[Collected data]
──────────
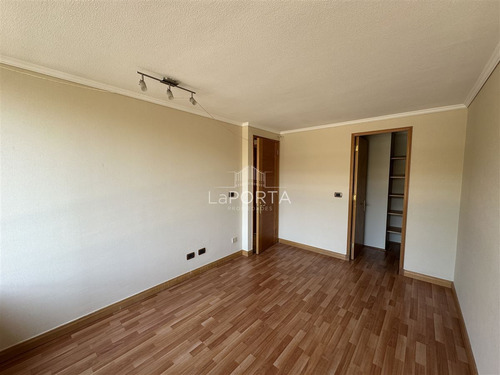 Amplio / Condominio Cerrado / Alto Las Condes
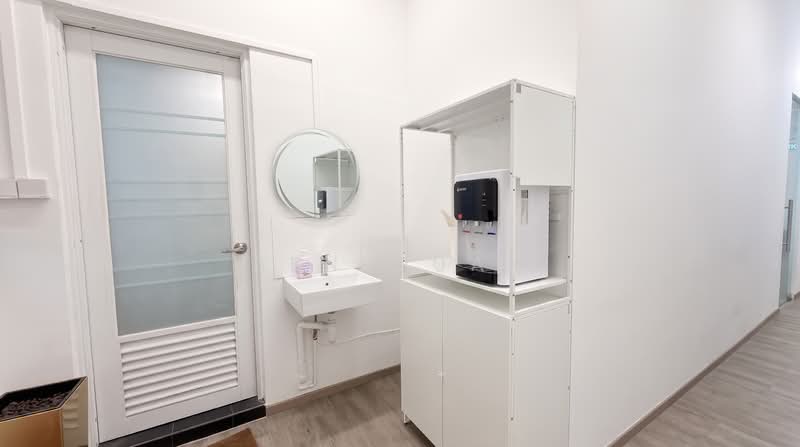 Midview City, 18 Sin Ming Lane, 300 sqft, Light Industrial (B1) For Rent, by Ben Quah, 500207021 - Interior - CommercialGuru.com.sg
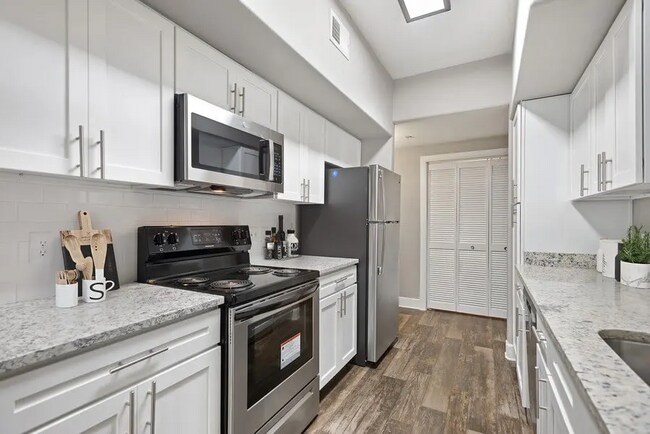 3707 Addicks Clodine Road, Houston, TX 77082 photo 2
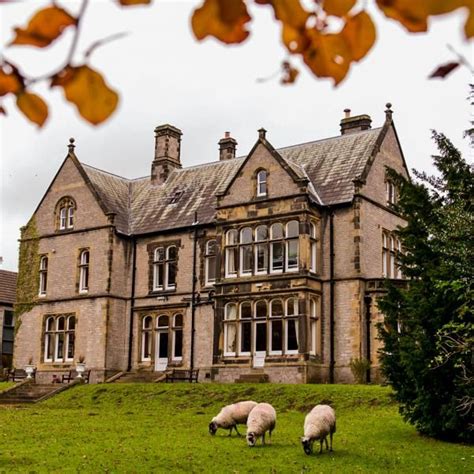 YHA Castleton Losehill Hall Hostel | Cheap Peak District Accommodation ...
──────────
[Work item]
Reproduce the full listing above verbatim, with no pictures included.

[Final answer]
 Amplio / Condominio Cerrado / Alto Las Condes
 Midview City, 18 Sin Ming Lane, 300 sqft, Light Industrial (B1) For Rent, by Ben Quah, 500207021 - Interior - CommercialGuru.com.sg
 3707 Addicks Clodine Road, Houston, TX 77082 photo 2
 YHA Castleton Losehill Hall Hostel | Cheap Peak District Accommodation ...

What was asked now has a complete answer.